• Provided records:
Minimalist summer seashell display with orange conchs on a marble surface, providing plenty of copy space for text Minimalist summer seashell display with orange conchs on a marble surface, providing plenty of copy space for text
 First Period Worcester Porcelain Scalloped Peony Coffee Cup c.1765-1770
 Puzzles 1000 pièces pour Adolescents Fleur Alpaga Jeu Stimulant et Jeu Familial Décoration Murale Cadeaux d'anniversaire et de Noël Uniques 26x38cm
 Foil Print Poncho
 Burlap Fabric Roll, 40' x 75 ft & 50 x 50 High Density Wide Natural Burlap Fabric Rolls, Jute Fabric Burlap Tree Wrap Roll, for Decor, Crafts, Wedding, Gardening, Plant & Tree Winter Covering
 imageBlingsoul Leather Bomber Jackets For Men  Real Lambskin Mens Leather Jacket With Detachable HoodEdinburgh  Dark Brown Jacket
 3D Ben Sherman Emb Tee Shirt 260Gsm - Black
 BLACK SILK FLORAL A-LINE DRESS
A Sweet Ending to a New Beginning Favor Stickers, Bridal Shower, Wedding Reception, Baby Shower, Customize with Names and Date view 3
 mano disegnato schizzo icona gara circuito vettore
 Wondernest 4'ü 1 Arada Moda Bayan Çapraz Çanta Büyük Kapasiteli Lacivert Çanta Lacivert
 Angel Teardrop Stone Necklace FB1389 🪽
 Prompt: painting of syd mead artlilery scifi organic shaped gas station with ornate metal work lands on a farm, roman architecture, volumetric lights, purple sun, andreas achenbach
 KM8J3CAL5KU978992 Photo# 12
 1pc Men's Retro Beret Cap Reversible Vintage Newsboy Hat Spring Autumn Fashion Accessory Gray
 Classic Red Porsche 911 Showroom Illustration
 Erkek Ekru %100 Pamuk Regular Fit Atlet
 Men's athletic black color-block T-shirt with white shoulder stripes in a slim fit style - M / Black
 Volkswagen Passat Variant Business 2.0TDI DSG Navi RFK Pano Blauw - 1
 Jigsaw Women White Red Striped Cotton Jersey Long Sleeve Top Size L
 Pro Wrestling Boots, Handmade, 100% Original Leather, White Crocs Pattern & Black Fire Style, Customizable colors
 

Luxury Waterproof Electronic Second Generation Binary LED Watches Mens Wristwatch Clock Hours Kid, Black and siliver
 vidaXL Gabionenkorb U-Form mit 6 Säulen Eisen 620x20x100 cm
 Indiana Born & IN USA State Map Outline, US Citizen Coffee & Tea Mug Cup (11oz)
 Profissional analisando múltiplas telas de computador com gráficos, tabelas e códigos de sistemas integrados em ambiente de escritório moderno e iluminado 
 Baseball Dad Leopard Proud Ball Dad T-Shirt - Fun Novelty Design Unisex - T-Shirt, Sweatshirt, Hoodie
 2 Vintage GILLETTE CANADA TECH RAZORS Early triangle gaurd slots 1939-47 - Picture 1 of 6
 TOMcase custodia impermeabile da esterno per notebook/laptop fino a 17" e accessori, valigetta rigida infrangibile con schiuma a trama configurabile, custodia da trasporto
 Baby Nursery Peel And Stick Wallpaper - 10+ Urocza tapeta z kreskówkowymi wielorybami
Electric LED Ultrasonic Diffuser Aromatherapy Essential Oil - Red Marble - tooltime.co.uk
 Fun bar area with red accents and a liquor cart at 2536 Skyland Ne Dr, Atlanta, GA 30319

• Instructions for the task: Among the lines above, find the one with "Luxury Waterproof Electronic" and the one with "Indiana Born &". Quote both and everything between them, exactly.

• Reply to the task:
Luxury Waterproof Electronic Second Generation Binary LED Watches Mens Wristwatch Clock Hours Kid, Black and siliver
 vidaXL Gabionenkorb U-Form mit 6 Säulen Eisen 620x20x100 cm
 Indiana Born & IN USA State Map Outline, US Citizen Coffee & Tea Mug Cup (11oz)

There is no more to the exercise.